Work request:
Please give back an exact reproduction of the lines from the one with "创世天龙八部SF深度解析，如何快速获取稀有资源与实战技巧" through the end of the entries below, and no others.

━━ Data shown ━━

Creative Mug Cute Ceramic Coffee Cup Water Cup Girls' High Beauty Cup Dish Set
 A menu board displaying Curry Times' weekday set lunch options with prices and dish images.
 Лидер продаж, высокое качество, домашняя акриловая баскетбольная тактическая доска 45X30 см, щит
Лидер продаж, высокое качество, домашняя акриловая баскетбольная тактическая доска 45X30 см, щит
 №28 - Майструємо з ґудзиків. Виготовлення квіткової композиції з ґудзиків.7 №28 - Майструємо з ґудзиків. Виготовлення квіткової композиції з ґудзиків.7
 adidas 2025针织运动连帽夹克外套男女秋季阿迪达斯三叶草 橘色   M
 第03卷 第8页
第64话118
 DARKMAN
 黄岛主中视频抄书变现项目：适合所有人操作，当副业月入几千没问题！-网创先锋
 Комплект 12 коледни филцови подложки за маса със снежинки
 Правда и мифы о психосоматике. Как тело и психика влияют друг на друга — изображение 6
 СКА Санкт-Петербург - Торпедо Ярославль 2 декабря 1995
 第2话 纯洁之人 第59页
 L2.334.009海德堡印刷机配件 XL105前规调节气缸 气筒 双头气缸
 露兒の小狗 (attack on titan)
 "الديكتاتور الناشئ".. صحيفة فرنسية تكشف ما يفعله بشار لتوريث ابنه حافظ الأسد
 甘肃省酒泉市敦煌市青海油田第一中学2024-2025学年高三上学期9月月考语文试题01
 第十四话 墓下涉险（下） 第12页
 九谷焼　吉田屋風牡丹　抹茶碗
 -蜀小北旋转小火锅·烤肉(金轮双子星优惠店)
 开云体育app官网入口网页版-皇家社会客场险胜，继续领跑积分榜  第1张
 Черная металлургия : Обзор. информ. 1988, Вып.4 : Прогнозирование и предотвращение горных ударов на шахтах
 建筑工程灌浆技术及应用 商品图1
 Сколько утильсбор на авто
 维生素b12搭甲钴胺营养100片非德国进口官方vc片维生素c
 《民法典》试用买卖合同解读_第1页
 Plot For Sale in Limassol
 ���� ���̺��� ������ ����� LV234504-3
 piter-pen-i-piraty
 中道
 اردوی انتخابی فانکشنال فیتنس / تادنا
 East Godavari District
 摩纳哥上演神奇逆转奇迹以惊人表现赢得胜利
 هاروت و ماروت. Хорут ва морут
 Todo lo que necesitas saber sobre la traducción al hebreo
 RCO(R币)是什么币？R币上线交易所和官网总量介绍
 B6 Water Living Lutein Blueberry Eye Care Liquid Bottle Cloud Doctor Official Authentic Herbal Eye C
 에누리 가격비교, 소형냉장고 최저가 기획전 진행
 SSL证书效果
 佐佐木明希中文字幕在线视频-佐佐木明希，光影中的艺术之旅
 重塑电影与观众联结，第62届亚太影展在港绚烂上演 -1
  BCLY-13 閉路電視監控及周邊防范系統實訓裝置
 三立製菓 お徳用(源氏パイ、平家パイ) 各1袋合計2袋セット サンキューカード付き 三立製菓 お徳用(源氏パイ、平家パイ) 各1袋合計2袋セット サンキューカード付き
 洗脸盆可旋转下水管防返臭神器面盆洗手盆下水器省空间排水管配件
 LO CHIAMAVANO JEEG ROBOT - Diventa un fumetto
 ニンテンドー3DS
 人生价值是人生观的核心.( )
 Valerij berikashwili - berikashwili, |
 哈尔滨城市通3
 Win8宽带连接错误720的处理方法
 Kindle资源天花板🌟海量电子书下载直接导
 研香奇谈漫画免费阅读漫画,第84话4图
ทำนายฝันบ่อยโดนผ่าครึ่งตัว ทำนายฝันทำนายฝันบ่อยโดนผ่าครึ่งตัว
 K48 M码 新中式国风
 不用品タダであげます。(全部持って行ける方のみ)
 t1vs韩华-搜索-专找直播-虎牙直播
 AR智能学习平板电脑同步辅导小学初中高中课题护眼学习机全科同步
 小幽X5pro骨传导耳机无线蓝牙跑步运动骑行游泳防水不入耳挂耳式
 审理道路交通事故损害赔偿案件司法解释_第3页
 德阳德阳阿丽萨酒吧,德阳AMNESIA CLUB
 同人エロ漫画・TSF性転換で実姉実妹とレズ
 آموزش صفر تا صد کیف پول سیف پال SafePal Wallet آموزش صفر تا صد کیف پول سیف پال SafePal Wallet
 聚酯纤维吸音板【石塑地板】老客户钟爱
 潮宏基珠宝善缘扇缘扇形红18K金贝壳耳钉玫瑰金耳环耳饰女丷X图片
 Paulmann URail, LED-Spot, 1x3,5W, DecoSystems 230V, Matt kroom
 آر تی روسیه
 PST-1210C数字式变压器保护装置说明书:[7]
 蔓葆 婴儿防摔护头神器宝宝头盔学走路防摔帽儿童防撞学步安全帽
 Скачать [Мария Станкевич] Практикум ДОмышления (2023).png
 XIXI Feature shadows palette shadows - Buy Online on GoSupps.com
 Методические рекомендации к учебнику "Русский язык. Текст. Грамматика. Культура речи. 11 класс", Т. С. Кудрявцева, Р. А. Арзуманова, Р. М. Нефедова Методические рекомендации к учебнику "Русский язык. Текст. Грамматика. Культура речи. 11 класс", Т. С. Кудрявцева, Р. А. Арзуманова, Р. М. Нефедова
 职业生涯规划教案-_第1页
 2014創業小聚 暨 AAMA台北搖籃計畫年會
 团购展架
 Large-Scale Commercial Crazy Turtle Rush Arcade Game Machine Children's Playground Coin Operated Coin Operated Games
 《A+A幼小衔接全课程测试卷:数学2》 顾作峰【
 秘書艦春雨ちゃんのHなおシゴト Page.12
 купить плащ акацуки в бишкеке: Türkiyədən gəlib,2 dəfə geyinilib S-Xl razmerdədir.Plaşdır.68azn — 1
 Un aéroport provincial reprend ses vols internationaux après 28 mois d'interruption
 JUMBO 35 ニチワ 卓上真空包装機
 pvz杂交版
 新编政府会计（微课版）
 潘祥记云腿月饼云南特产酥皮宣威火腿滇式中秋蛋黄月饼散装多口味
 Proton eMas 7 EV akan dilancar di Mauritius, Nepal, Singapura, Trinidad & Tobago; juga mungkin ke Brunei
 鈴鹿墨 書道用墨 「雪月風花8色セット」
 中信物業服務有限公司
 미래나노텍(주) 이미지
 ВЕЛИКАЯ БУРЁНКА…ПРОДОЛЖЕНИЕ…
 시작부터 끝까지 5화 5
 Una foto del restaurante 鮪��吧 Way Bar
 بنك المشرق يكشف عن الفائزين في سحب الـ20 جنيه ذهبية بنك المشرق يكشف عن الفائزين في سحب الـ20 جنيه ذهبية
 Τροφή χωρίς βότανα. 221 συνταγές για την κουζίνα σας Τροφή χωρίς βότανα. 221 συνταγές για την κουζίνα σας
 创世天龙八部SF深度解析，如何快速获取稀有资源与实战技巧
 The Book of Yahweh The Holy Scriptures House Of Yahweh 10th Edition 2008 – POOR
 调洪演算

━━━

Response:
 创世天龙八部SF深度解析，如何快速获取稀有资源与实战技巧
 The Book of Yahweh The Holy Scriptures House Of Yahweh 10th Edition 2008 – POOR
 调洪演算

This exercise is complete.